● What you should do
Leave out the pictures and repeat every record exactly.
****
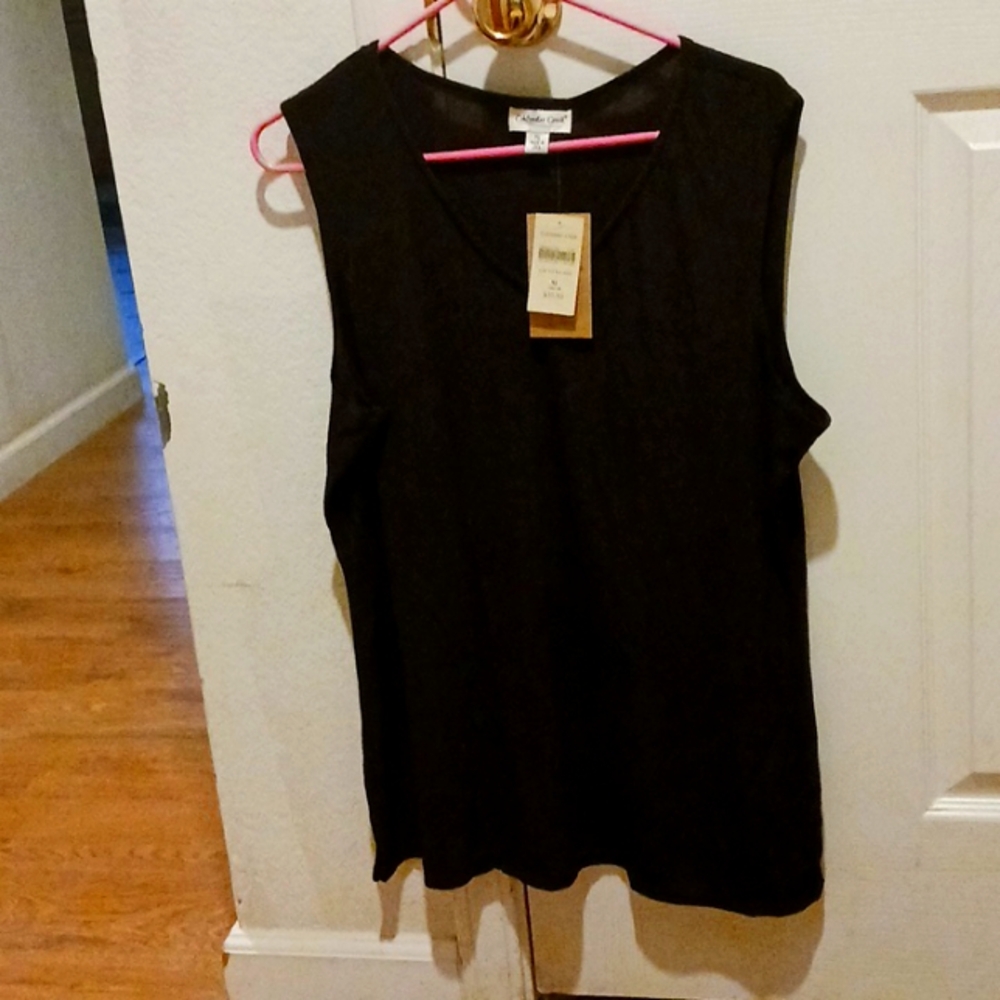 V-Neck sleeveless shell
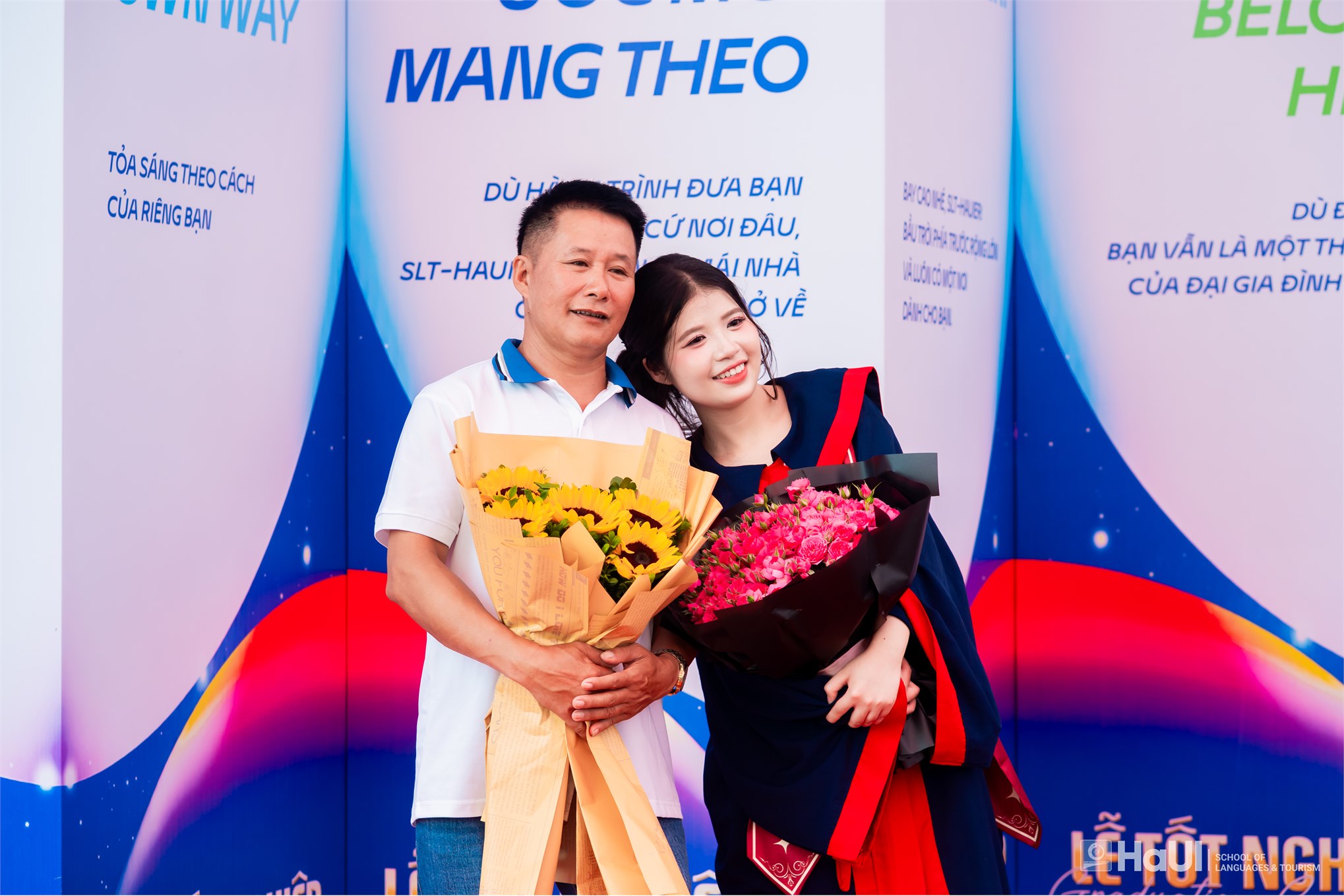 Hơn 800 tân Thạc sĩ, Cử nhân Trường Ngoại ngữ - Du lịch rạng rỡ trong ngày tốt nghiệp năm 2026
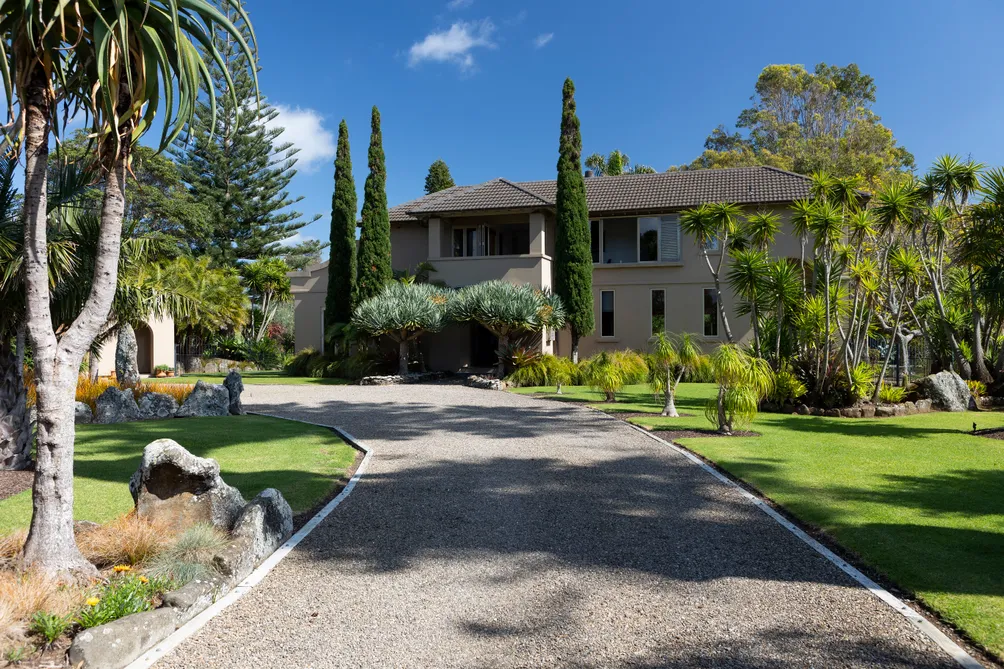 Tuscan Style Meets Whananaki Waterfront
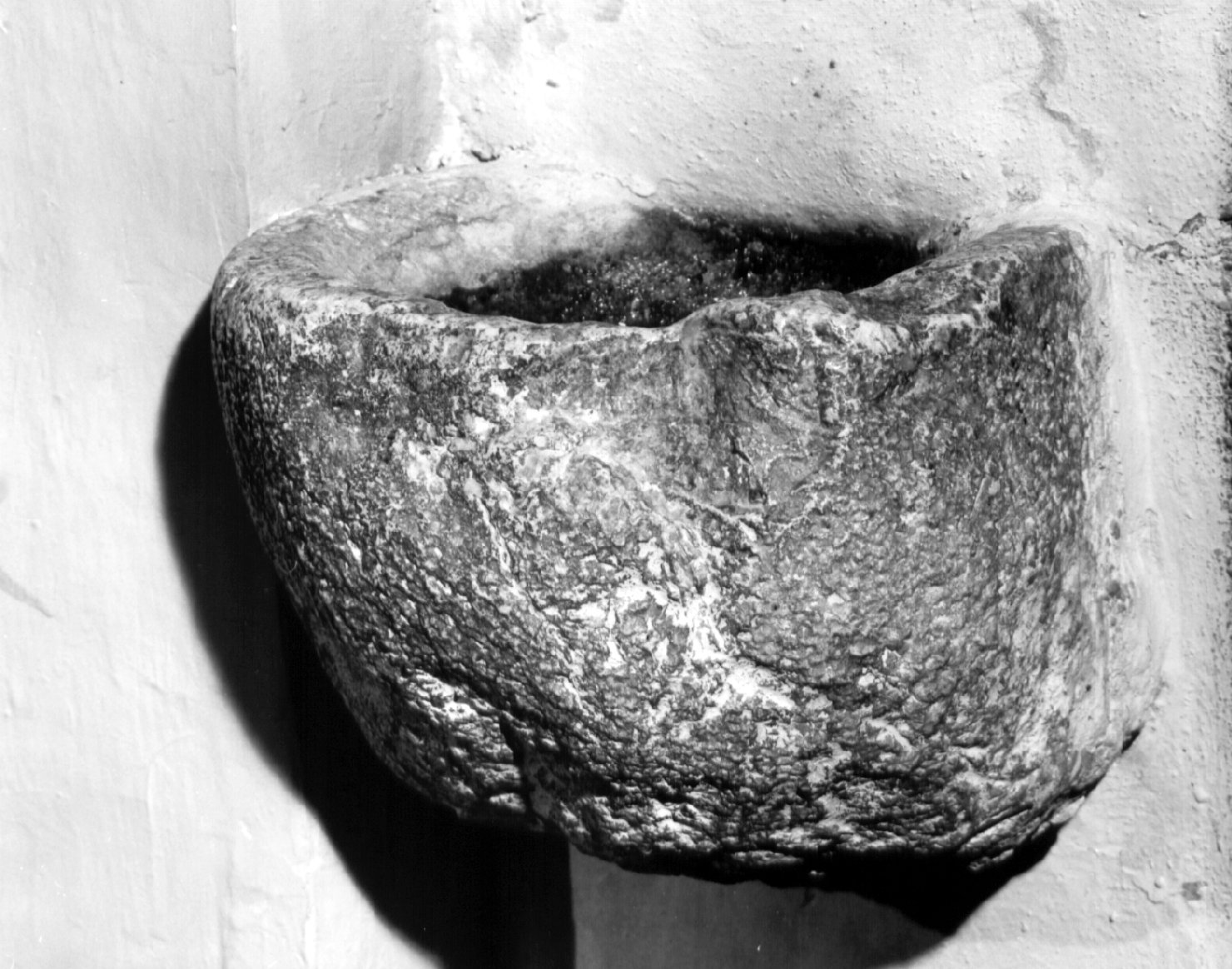 acquasantiera da parete, opera isolata - bottega umbra (sec. XIV)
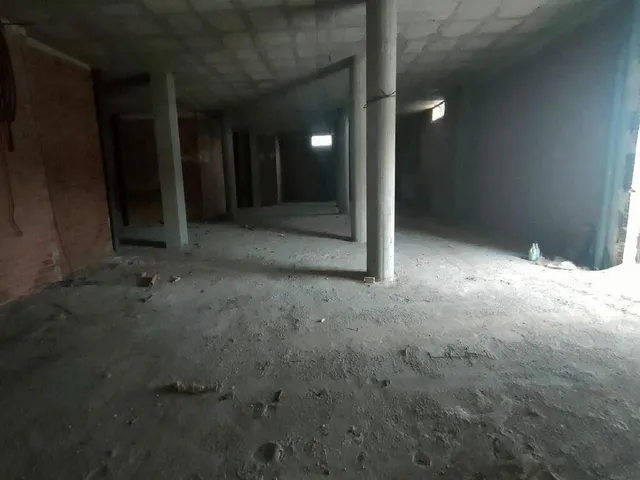 Local comercial — 4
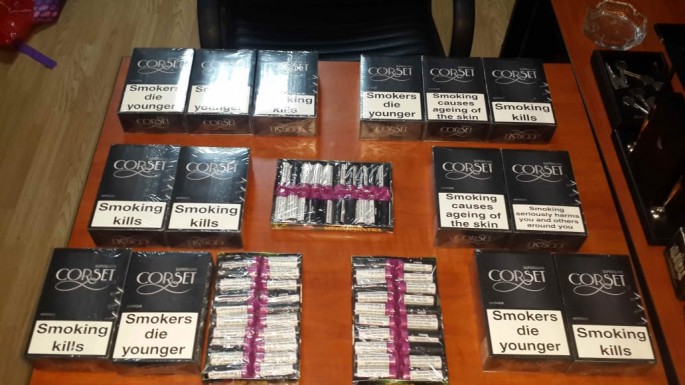 Avtomobildən pirotexniki vasitələr və tütün məmulatları aşkarlanıb - FOTO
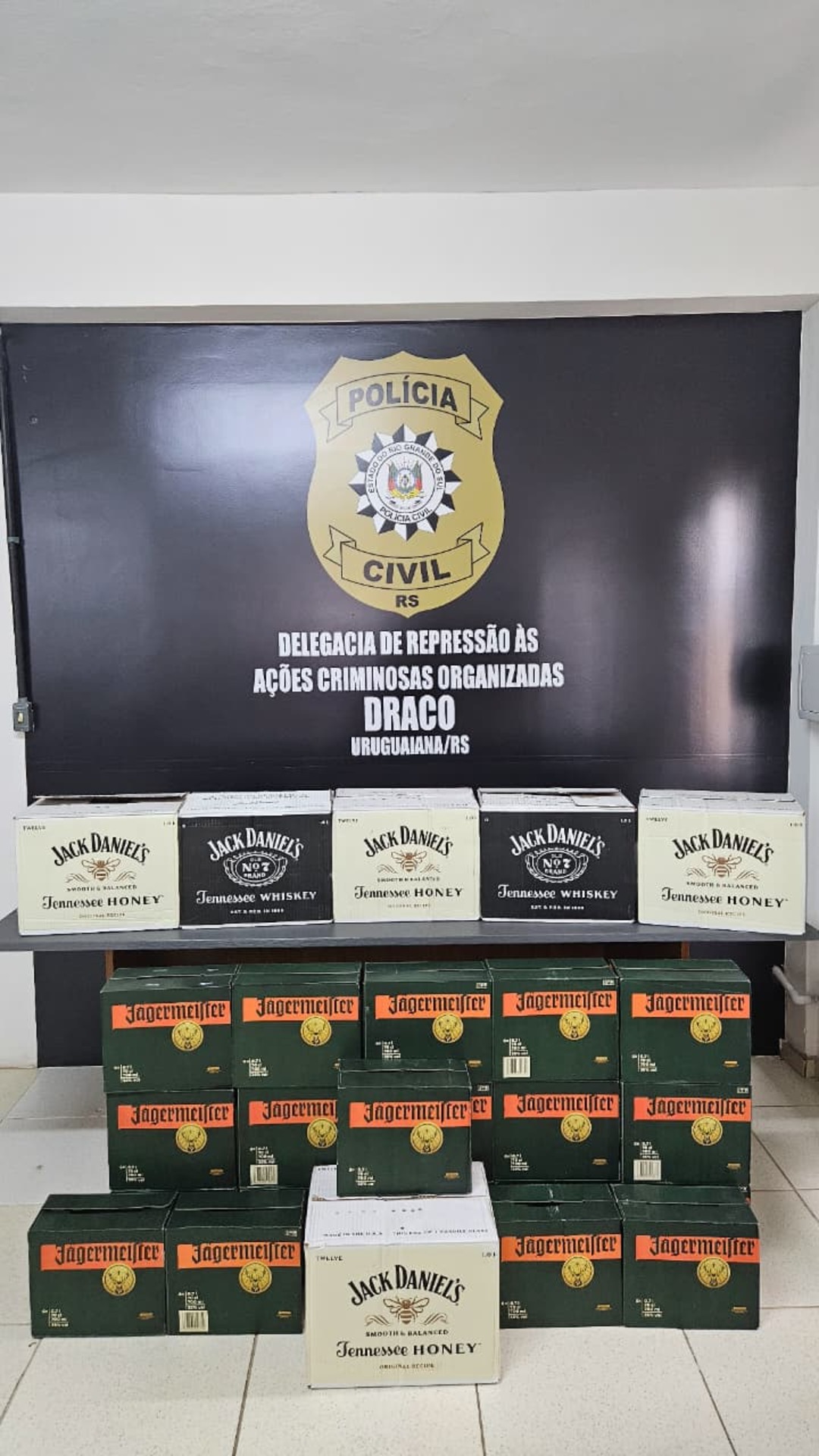 Mercadoria sem nota fiscal é recolhida e encaminhada à Receita Federal.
****
● Answer for the task
 V-Neck sleeveless shell
 Hơn 800 tân Thạc sĩ, Cử nhân Trường Ngoại ngữ - Du lịch rạng rỡ trong ngày tốt nghiệp năm 2026
 Tuscan Style Meets Whananaki Waterfront
 acquasantiera da parete, opera isolata - bottega umbra (sec. XIV)
 Local comercial — 4
 Avtomobildən pirotexniki vasitələr və tütün məmulatları aşkarlanıb - FOTO
 Mercadoria sem nota fiscal é recolhida e encaminhada à Receita Federal.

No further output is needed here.